FARNBOROUGH, U.K.—Military and defense industry officials are proud to say the Global Positioning System of satellites has entrenched itself as the world standard of position, navigation, and timing.
But new threats—and some futuristic considerations—are leading some to think bigger than GPS when it comes to the systems that help undergird military operations and daily life.
“We’re at a time when we have the opportunity to expand beyond just that concept of a singular [medium Earth orbit] constellation,” Johnathon Caldwell, vice president and general manager of Lockheed Martin’s military space division, told Air Force Magazine in an exclusive interview at the Farnborough International Airshow. “There are opportunities to put different orbits into play, to provide greater resilience for the civilian applications and the military applications.”
Lockheed Martin has been working on GPS for more than a decade, winning a contract from the Air Force in 2008 to develop the constellation’s GPS III satellites, followed by the GPS III Follow-on program in 2018.

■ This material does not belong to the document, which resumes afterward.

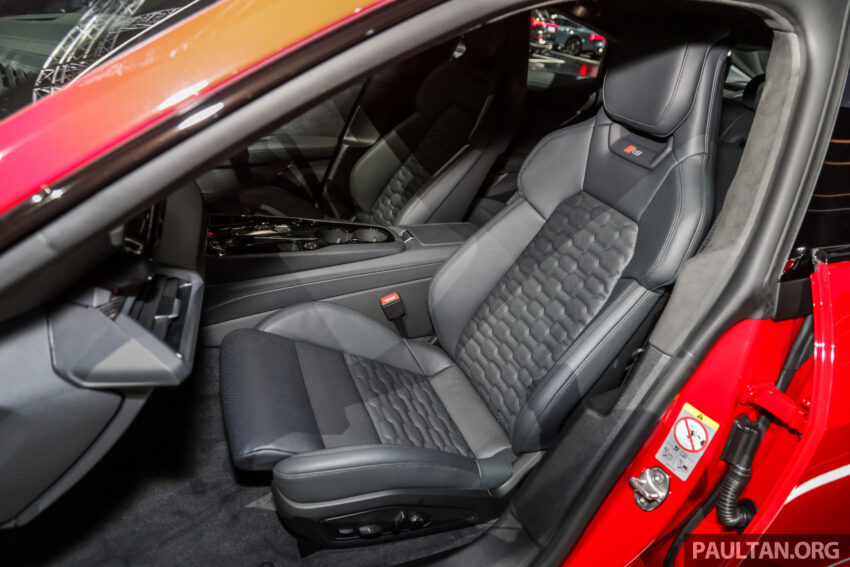 Audi e-tron GT 与 RS e-tron GT 纯电四门跑房上市, 最快3.3秒破百, 极速250km/h, 续航最长501公里, 价格58.8万起 223784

And the system has been extraordinarily successful. “GPS is the world standard [and] will remain the world standard for a long time,” Vice Chief of Space Operations Gen. David D. Thompson told Congress in May.
Caldwell credited that success in part to the focus on the system as “software enabled,” so that improvements can be made rapidly.
“We’ve been able to evolve the technology over time,” Caldwell said. “So that first GPS III that we launched in December 2018 … we’ve evolved that product line along the way. … We’re constantly upgrading the software and how it operates to deliver performance. It’s modular, so we can constantly pull in the latest technology to make sure that it’s resilient.” Since that December 2018 launch, four more of Lockheed’s GPS III satellites have gone into orbit. Three more have been declared available for launch. At the same time, the contractor has developed a ground control software update that is helping to operationalize the ultra-secure and jam-resistant M-code signal.
But at a certain point, GPS has become almost too successful, Thompson noted to lawmakers, saying “it is perhaps fair to say that we’ve come to rely on it solely and exclusively and too heavily.”
Both China and Russia have tested antisatellite weapons in recent years, creating new urgency in the Pentagon to develop a resilient space architecture. And while much of that resiliency talk has focused on the Space Development Agency’s data-transport and missile-tracking constellations, PNT has gotten some attention, too.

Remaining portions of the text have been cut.